Dorrit Barrett avatar

Dorrit Barrett

I, too, try to monitor myself, when things happen. I have cEDS and of course the scars to prove it. But I have spent years - 78 in all - on finding alternatives to what is the run-ogf-the-mill treatments. For one thing I no longer use the emergency rooms when my skin splits. I pull the edges of the wound together with streistrips or butterflies and leave the it in peace till it has healed. Result: next to no scarring. I have nemed the procedure Grin and Barrett.
I have written an autobiogrphy, One in Thousands - my life as a rarity. And have a webpage that is still in its early stages myedslife.com

Shandra S avatar

Shandra S

My Dermatologist has me superglue them. Works great.

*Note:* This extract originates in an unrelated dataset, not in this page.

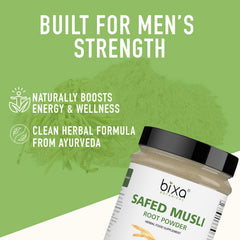 Bixa Botanical Safed Musli powder packaging box communicates a clean label without additives.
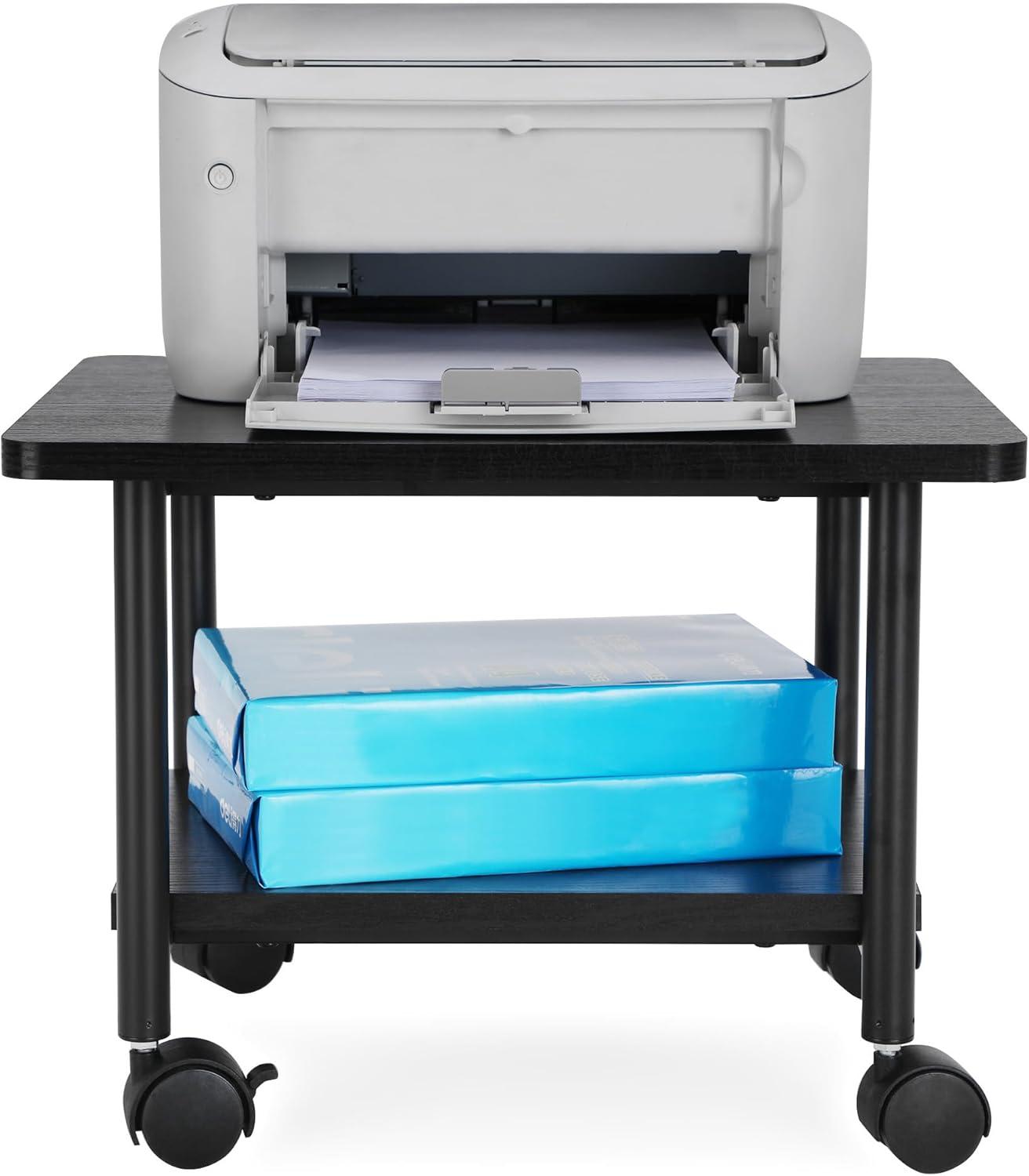 Black Metal 2-Tier Mobile Printer Stand with Shelf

Connie Chiasson-Douglass avatar

Connie Chiasson-Douglass

How do we get rid of brain fog, sleep issues, gut issues, ears ringing etc?

Shandra S avatar

Shandra S

I completely relate to this. In fact, I had a fall last month on my first day of the two-week trip to Scotland. I thought it was just going to be bruising. I had already broken two other bones this year from EDS. I knew what they felt like. I went to the ER, I broke my shoulder. No cast. I spent the next 6 weeks with my foot hurting, it was broken as well. And my knee has a weird injury that no one can figure out, and the shoulder is still healing. EDS, I stopped trying to figure it out, because there are no patterns, except my distraction level.

Bill Kakish avatar

Bill Kakish

I've been falling since I was 4. I'm now 71. All falls are dangerous. I was paralyzed from the neck down after one of them. I have a hypermobile neck that displayed no bruising after a car accident and hurt like hell that forced me to wear a cervical collar for a year. Everyone thought I was faking, until I injured the same spot on my spinal column in a fall that paralyzed me. I recovered. Three weeks in the hospital, a spinal fusion, and ten weeks of intensive rehab got me walking again, but it was a full 2 years before I could function normally. Just because there is no bruise is no indicator of the damage we do to our bodies. I'm an expert at falls. I've fallen in front of everyone I know and all my family and even all of my daughter's in-laws. Down stairs, under buses, in front of moving trucks, tripping over my own two feet when my leg drags and just for no reason at all. So get it checked out, If the pain doesn't clear in two days (the guideline from my PT), you may have a major injury, or one that will be major in the next fall.

Harriet Yeo avatar

Harriet Yeo

This happened to me the other week. My EDS related vascular fragility means that I can get one of ‘those bruises’ from muscle spasm but I whacked my leg really hard and barely a mark, like yourself! Like you too I just scratched my head and carried on. The one thing that you can say about EDS is that it keeps you on your toes.